As of May 2025, Tanzania’s national debt stood at TZS 107.70 trillion, comprising TZS 72.94 trillion in external debt and TZS 34.76 trillion in domestic debt. The external debt stock, equivalent to approximately USD 34.1 billion (using an exchange rate of TZS 2,884.42 per USD from April 2025), was primarily held by multilateral institutions and directed toward key sectors such as transportation (21.5%) and telecommunications. The central government accounted for 78.3% of external debt (USD 26.7 billion), with 67.7% of this debt denominated in US dollars (USD 23.1 billion). Domestic debt, at TZS 34.26 trillion in March 2025, was largely financed by commercial banks (29%) and pension funds (26.5%), with Treasury bonds dominating at 78.2%.
In May 2025, principal repayments on external debt amounted to USD 267 million. Debt servicing costs are significant, with historical data indicating that external debt servicing consumed up to 40% of government expenditures in earlier years. For 2023, total debt service was 2.89% of Gross National Income (GNI), and in 2025, servicing the external debt (at concessional rates) and domestic debt (at 15.5% lending rates) could cost approximately USD 1–2 billion and TZS 5.31 trillion annually, respectively. These costs divert resources from productive investments, potentially straining fiscal space.
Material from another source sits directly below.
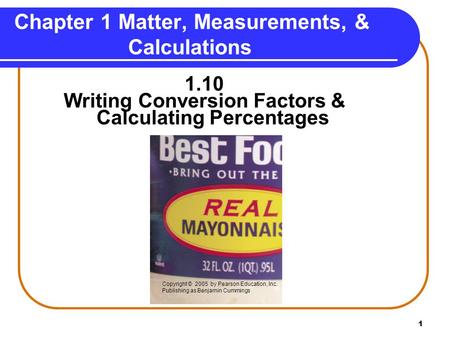 Chapter 1 Matter, Measurements, & Calculations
The Tanzania Shilling’s stability in May 2025 is supported by several factors related to debt management and economic performance:
Despite these stabilizing factors, the Shilling experienced a 3.86% annual depreciation against the USD, trading at TZS 2,884.42 per USD in April 2025. This depreciation, though improved from the previous month, reflects pressures from external debt servicing and import demands. The high USD denomination of external debt (67.7%) exacerbates these pressures, as a depreciating Shilling increases the local currency cost of debt servicing by approximately TZS 2.37 trillion for the USD 34.1 billion external debt, based on a 2.6% depreciation rate.
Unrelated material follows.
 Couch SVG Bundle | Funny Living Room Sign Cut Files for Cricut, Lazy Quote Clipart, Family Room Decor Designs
The BoT’s interventions in the Interbank Foreign Exchange Market (IFEM) have been critical to maintaining the Shilling’s stability. In January 2025, the BoT sold USD 7 million to stabilize the exchange rate, preventing excessive depreciation amid a 1.37% month-on-month weakening of the Shilling (from TZS 2,420.84 to TZS 2,454.04 per USD). Similar interventions likely occurred in April and May 2025, as the document notes that seasonal inflows from cash crops and gold exports, combined with BoT actions, mitigated depreciation pressures. However, IFEM transactions declined significantly from USD 95.7 million in December 2024 to USD 16.3 million in January 2025, suggesting reduced market activity, possibly due to lower trade or investor participation.
These interventions, supported by adequate reserves, have ensured short-term stability, with the Shilling appreciating by 2.6% year-on-year from January 2024 to January 2025. The BoT’s ability to intervene is bolstered by improved current account performance, with the deficit narrowing by 31.1% to USD 2,021.5 million in the year ending January 2025, driven by strong export earnings and moderate import growth.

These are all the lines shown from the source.